There is a famous line from the 1967 movie, Cool Hand Luke, which starred Paul Newman. The line is, “What we’ve got here is failure to communicate.” What we’ve got in today’s world is not so much failure to communicate. What we’ve got is a superabudance in ways to communicate; a boundless magnitude of lightning fast methods to trade information, ideas, opinions, and, yes, insults, spite and hate. The speed at which we are able to convey our thoughts, some experts believe, is having an adverse affect on the way we think.
In 1964, Canadian philospher Marshall McLuhan wrote the oft repeated words, “The medium is the message.” Expanding on that thought he also wrote, “In the long run, a medium’s content matters less than the medium itself in influencing how we think and act.” If you believe that is true, as I do, then you must believe that the light speed-like internet is degrading how we judge the content that pours into our social media accounts minute by minute.
Nicholas Carr has done a pretty good job in explaining how that works. Carr was a finalist for 2011 Pulitzer Prize with his book,. “The Shallows: What The Internet Is Doing To Our Brains.” He proposes that the world wide web is altering our very thought process. Carr, in turn, was recently interviewed by Ezra Klein on his Vox Podcast. Carr says our dependence on the internet is a trade-off between getting lots of information very, very fast and the ability to organize that data inside our heads into a “rich base of knowledge.” We lost something with the internet, Carr says. “What was lost,” he continues, “was not only the ability to engage in deep reading and attentive thought and contemplation, but also when we come across new information, the ability to bring it into our mind and put it into a broader context. That takes time. That takes attention. That takes focus.”
It is the same line of reasoning I have about the pressures facing journalists in today’s world. Let’s take the example of the news coverage during the Vietnam war. When a TV correspondent and the film crew covered a battle or some other event, that film usually had to be shipped to New York for developing and editing. That often meant twenty-fours hours before the report would appear on television, giving the correspondent ample time to reflect on the event and give it some crucial context in the wider scheme of things. Not exactly the immediacy we are use to today, but it gave the correspondent an opportunity for some deeper thinking.
In today’s high-tech world, when so-called Breaking News occurs virtually every second, and is instantly transmitted by the internet and by satellite around the world reporters have lost the luxury of deep thinking. There is no time for proper attention. There is no time for focus. The result? To borrow Carr’s book title, The Shallows…in journalistic performances.

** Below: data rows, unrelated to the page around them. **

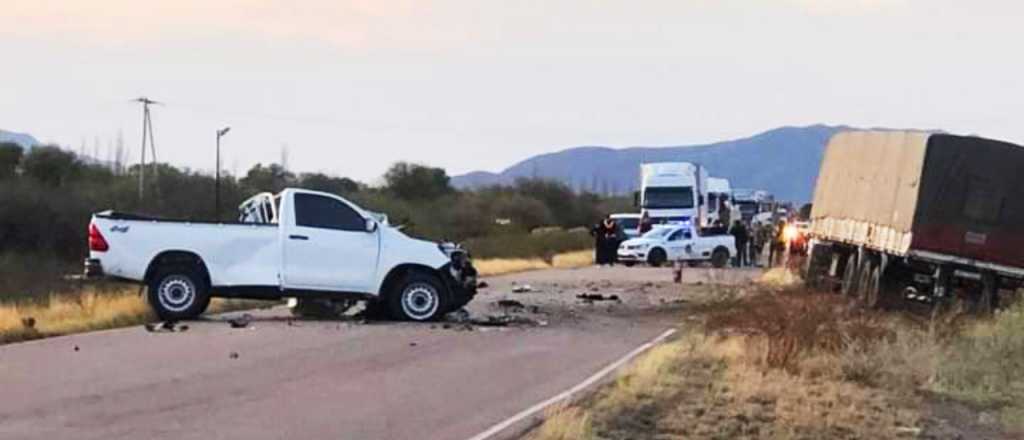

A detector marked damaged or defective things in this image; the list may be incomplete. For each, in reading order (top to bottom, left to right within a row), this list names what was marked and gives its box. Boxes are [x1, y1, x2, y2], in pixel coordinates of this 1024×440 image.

damaged front end [436, 241, 476, 310]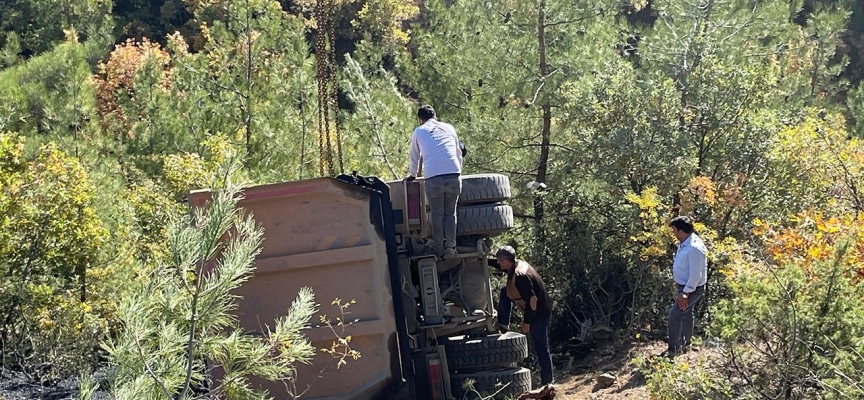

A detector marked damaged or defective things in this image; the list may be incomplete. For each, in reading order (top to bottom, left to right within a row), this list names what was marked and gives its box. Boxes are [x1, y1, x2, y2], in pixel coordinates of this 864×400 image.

overturned truck [189, 173, 528, 400]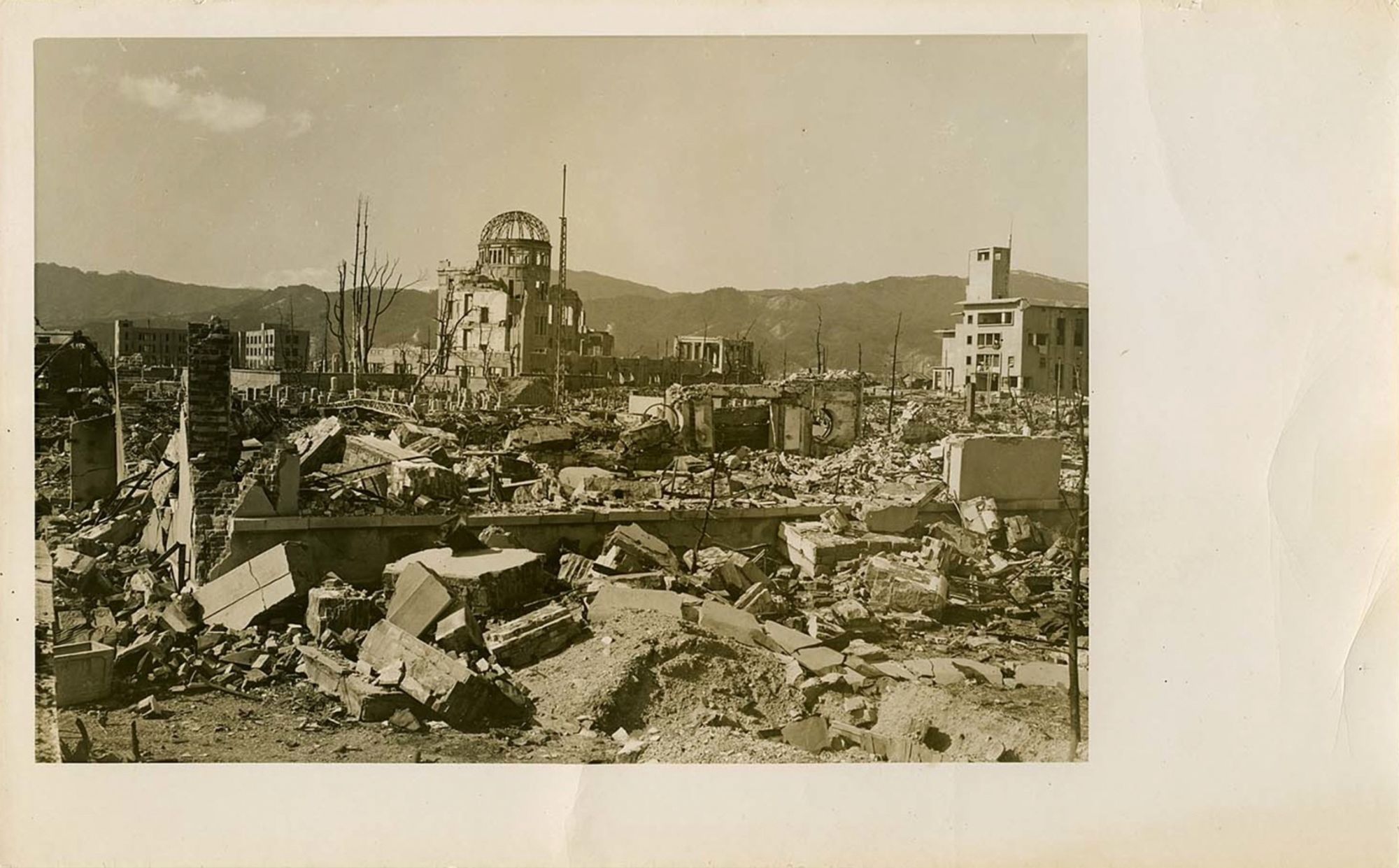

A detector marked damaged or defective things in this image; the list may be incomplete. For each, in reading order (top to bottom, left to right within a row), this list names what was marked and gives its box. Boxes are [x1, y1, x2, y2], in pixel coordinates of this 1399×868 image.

broken concrete slab [192, 543, 318, 629]
broken concrete slab [301, 646, 414, 722]
broken concrete slab [383, 562, 453, 638]
broken concrete slab [358, 621, 526, 727]
broken concrete slab [392, 548, 554, 616]
broken concrete slab [487, 604, 585, 671]
broken concrete slab [585, 582, 683, 624]
broken concrete slab [862, 557, 951, 616]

Carr agrees with McLuhan that advances in communication techology alter the way we use our gray matter, even the way we live. Before the printing press was invented, way before homo sapiens knew how to read, the main method of communication was vocal and other group related sounds. Thus, early societies were more social out of necessity. With the advent of the printing press writing and reading became the way to communicate. Societies became more individualistic. Reading, afterall, is mainly a one person job and leads to independent thinking.

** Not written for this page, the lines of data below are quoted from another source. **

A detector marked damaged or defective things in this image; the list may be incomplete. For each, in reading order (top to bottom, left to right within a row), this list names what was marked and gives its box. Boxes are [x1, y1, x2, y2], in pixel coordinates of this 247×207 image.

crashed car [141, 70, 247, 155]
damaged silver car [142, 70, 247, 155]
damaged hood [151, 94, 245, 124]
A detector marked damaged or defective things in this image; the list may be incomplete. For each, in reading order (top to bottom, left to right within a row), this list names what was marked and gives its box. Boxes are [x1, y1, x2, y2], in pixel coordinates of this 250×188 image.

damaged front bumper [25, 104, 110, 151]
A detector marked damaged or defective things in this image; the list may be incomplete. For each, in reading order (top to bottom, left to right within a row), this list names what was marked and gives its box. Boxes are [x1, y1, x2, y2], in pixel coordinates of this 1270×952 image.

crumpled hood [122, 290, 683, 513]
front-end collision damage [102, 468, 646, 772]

Carr says modern technology has taken that idea even further. When the internet was developed, he explains “We were all concentrating on that great new bounty of information: the more information, the better — the faster it comes to me, the better.” Yes, but at a cost. Carr continues. “What we lost sight of was how we actually take that information into our mind. There’s all sorts of very good evidence that if you’re distracted — if your attention is shifting very quickly — you can gather lots of information in a very swift fashion, but you’re not going to assemble it very well into knowledge. It’s going to just remain bits of information. You’re not going to develop a rich store of personal knowledge, which is all about connections and associations.”

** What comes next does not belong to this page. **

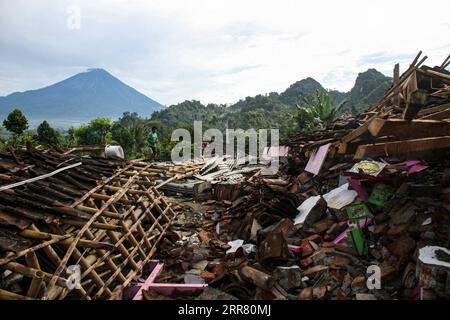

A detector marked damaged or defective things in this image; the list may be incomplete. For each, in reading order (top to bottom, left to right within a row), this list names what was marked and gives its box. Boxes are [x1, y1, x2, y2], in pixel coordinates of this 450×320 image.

earthquake damage [2, 52, 450, 300]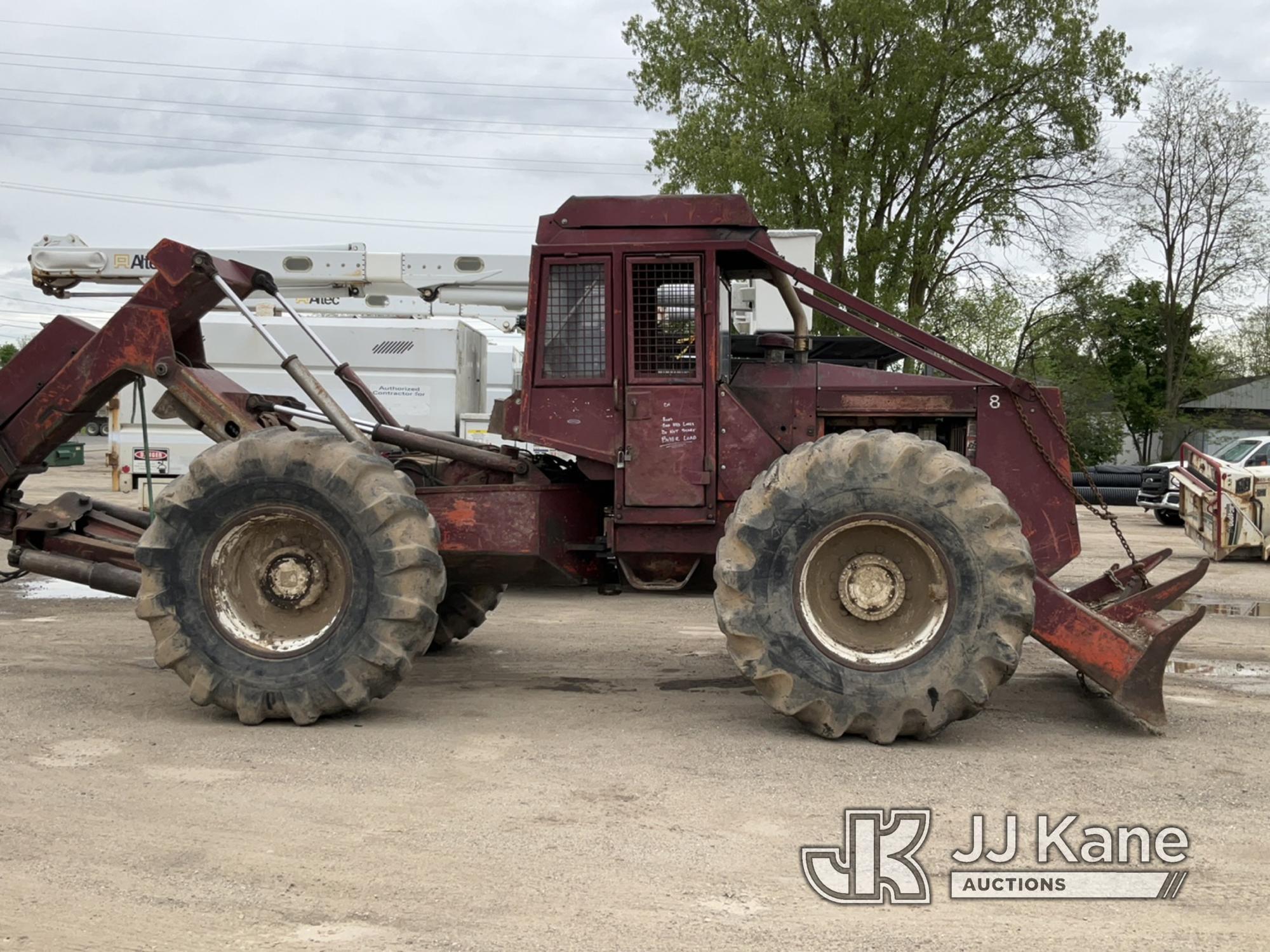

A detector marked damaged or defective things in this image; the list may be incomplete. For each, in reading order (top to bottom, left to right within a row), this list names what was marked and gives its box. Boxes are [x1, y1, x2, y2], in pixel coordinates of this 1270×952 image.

rusty metal body [0, 195, 1204, 731]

To me, it’s like staring at a thousand-piece jigsaw puzzle all laid out on a table. We have all the information. It is all those irregularly shaped pieces, those “bits of information.” We just haven’t put those pieces together to see the big picture. We haven’t made the puzzle connections and associations, so we are not sure how the big picture even comes together.
We see this happening over and over again, leading to online anger, name calling, and retributions for perceived slights and accusations. We are seeing knee-jerk actions leading to knee-jerk reactions. All this outrage dispensed in a roar of information seemingly without a moment’s pause, without the thinking, deep or otherwise. Recently, for one example, a posting on social media purported to be a photo of the Vietnam Memorial in Washington, DC that had been vandalized. The internet exploded with condemnation and many respondents blamed anti-racist protesters. The vandalism was despicable, to be sure. But it was not the DC Vietnam Memorial, nor was the vandalism recent. It was reported to be a replica in Los Angeles that had been hit by vandals in 2016.